Why it matters: This framework shifts regenerative design from a technical exercise to a culturally and spiritually grounded practice, fostering deeper connections between people and place.
Do this next: Research local Indigenous communities and their land acknowledgment protocols to begin building respectful relationships.
Recommended for: Designers, architects, urban planners, and community developers seeking to implement culturally rich, holistically regenerative projects.
This webinar by Wanda Dalla Costa (Saddle Lake First Nation, founder of Indigenous Design Collaborative, Principal at Tawaw Architecture Collective) and Jeffrey Dean Roberts (Cherokee Nation, founder of Earthwise Design) details the Indigenous Placekeeping Framework, a holistic methodology contrasting linear Western design by embedding cultural, spiritual, and relational dimensions from project inception. Unlike conventional processes focused on efficiency and extraction, Placekeeping starts with relational accountability—mapping connections to land, ancestors, and community through ceremonies and storytelling to inform site-specific regenerative outcomes. Key steps include: 1) Ceremonial grounding to honor Indigenous protocols, establishing consent from the land; 2) Holistic site analysis incorporating living systems views, assessing not just physical attributes but energetic flows, historical traumas, and future kinship responsibilities; 3) Co-design with Native-led teams using consensus models rooted in governance traditions like the Haudenosaunee Great Law of Peace; 4) Material selections prioritizing local, regenerative sources (e.g., cedar for structural integrity and medicine); 5) Iterative evaluation via relational metrics like community well-being and ecological reciprocity, not just ROI. The Indigenous Model of Design and Living Systems Framework integrates circular economies, viewing buildings as living entities that give back—e.g., green roofs with native pollinator plants, rainwater systems feeding wetlands, and passive solar aligned with seasonal ceremonies.

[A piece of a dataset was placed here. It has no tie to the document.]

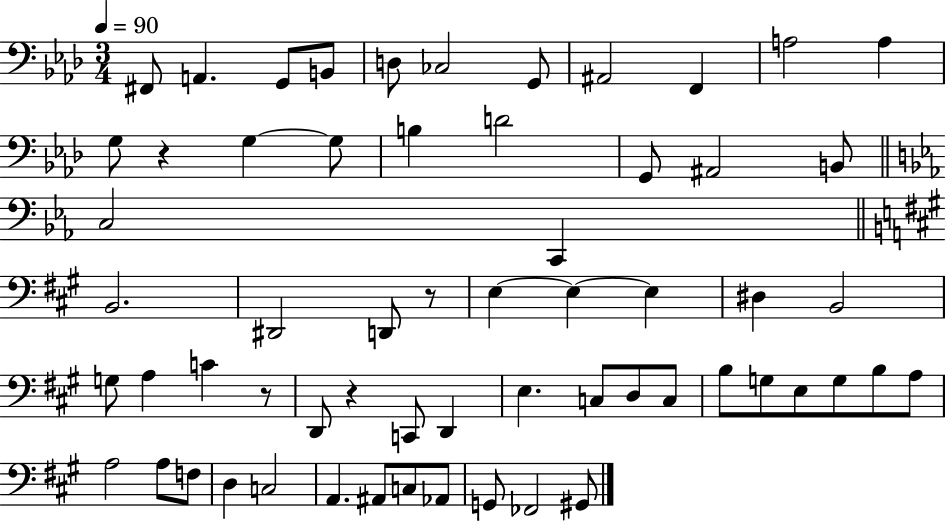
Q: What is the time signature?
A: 3/4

Practical details from decades of application include case examples of architecture enhancing resilience: trauma-informed spaces with circular layouts for healing circles, biophilic elements drawing from Indigenous patterns for mental health, and adaptive reuse honoring layered land histories. Roberts emphasizes Indigenous leadership's role in industry transformation, providing tools like framework checklists for practitioners to audit projects against regenerative criteria. Learning objectives equip participants with actionable insights: recognizing Indigenous perspectives' value in boosting biodiversity (20-30% via native plantings), cultural continuity, and long-term viability. This expert analysis offers field-tested protocols for architects and planners to implement regenerative design, fostering self-sufficiency through sovereignty-affirming practices.